* _Work to be completed_
Extract the line that contains "Bolsa Térmica em" and every line after it through the end of the records below, exactly as written, leaving out any pictures.

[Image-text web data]

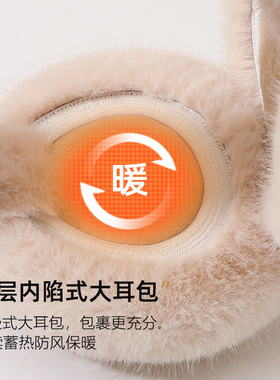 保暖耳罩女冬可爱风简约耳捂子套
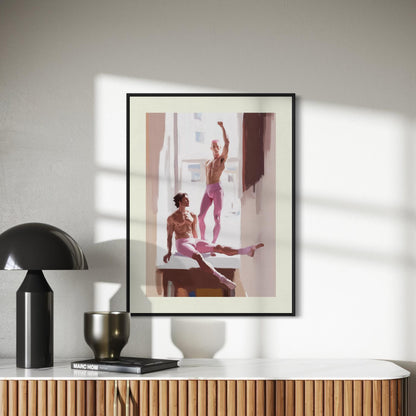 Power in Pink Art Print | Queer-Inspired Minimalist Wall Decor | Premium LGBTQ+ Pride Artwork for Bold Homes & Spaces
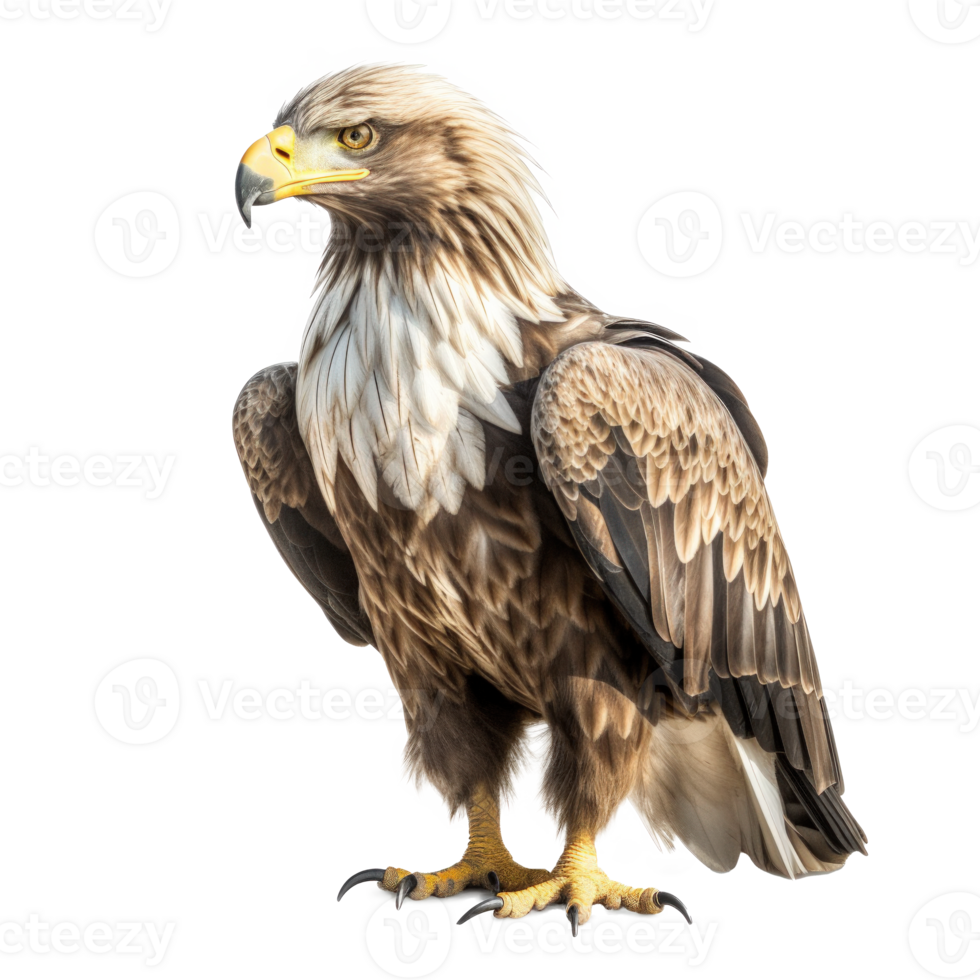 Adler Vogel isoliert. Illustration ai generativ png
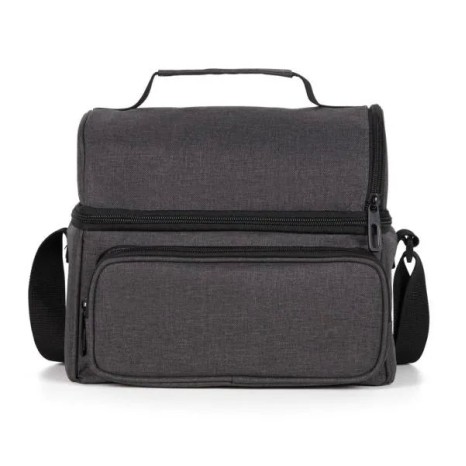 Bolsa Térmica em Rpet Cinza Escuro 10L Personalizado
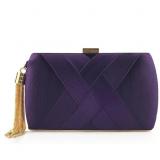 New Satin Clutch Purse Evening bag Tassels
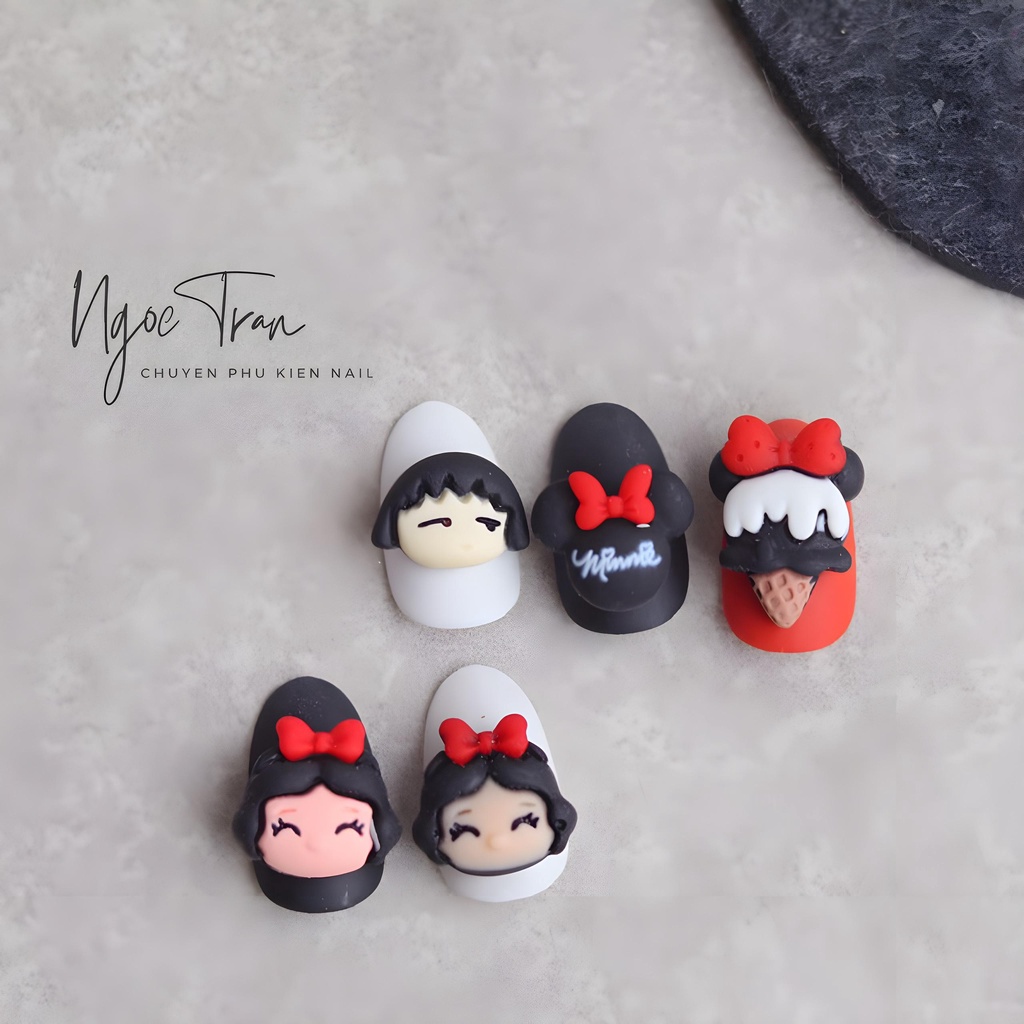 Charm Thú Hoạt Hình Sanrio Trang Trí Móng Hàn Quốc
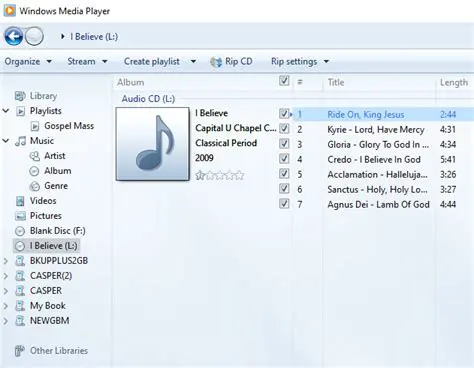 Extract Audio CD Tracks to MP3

* _Exercise output_
 Bolsa Térmica em Rpet Cinza Escuro 10L Personalizado
 New Satin Clutch Purse Evening bag Tassels
 Charm Thú Hoạt Hình Sanrio Trang Trí Móng Hàn Quốc
 Extract Audio CD Tracks to MP3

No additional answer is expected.